▶ [Exercise data]:
________

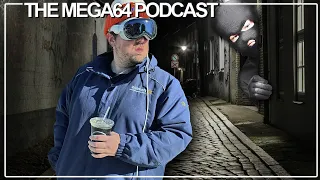 Rocco Was Robbed - Mega64 Podcast #716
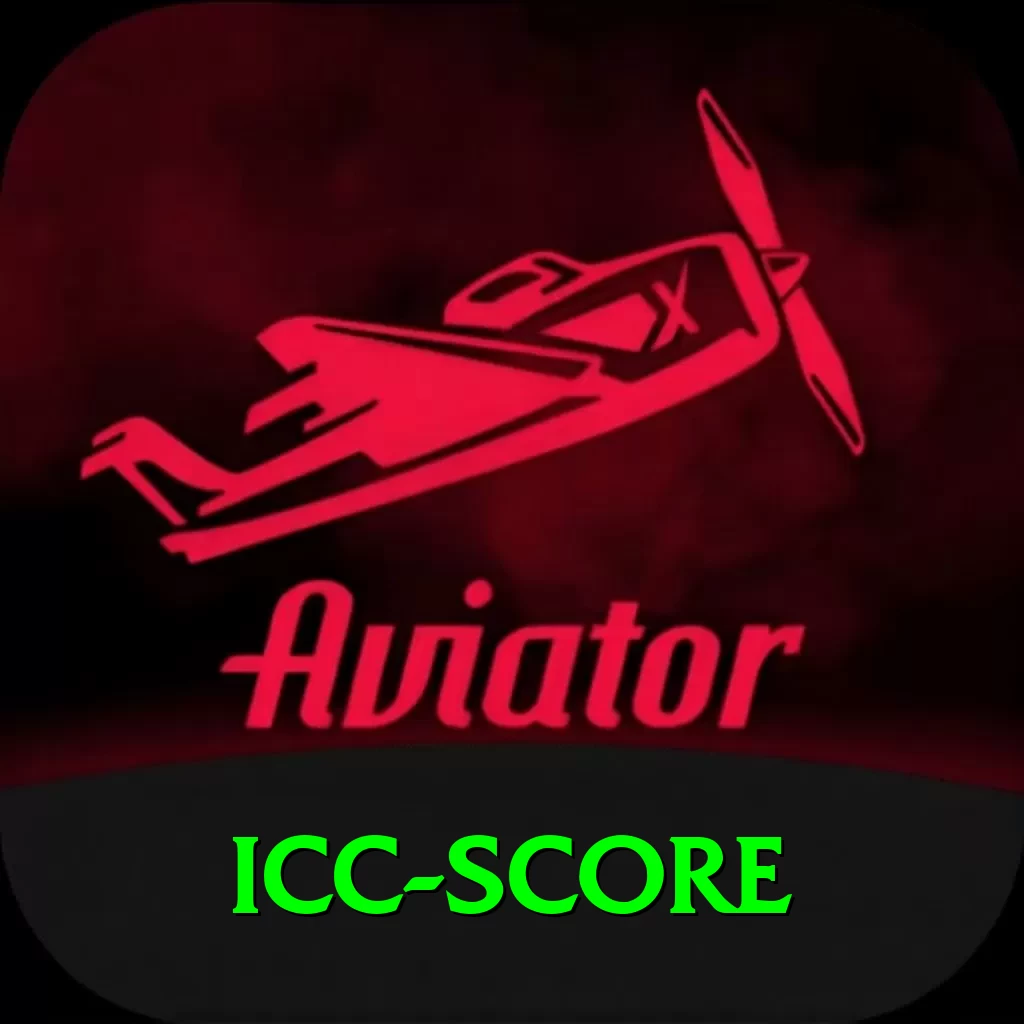 icc score Turbo - Win Real PKR - 2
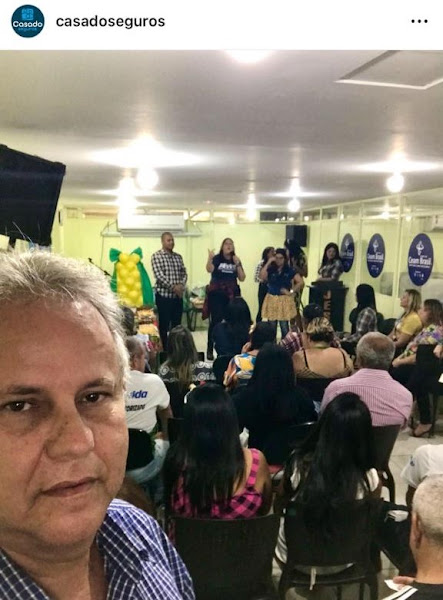 Foto 2 de Casado Seguros Planos de Saúde e Odonto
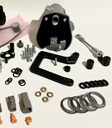 RB26 ITB Drive By Wire - RACE KIT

________

▶ [Task brief]: Output the material word for word, and keep the pictures out.

▶ [Result of the task]:
 Rocco Was Robbed - Mega64 Podcast #716
 icc score Turbo - Win Real PKR - 2
 Foto 2 de Casado Seguros Planos de Saúde e Odonto
 RB26 ITB Drive By Wire - RACE KIT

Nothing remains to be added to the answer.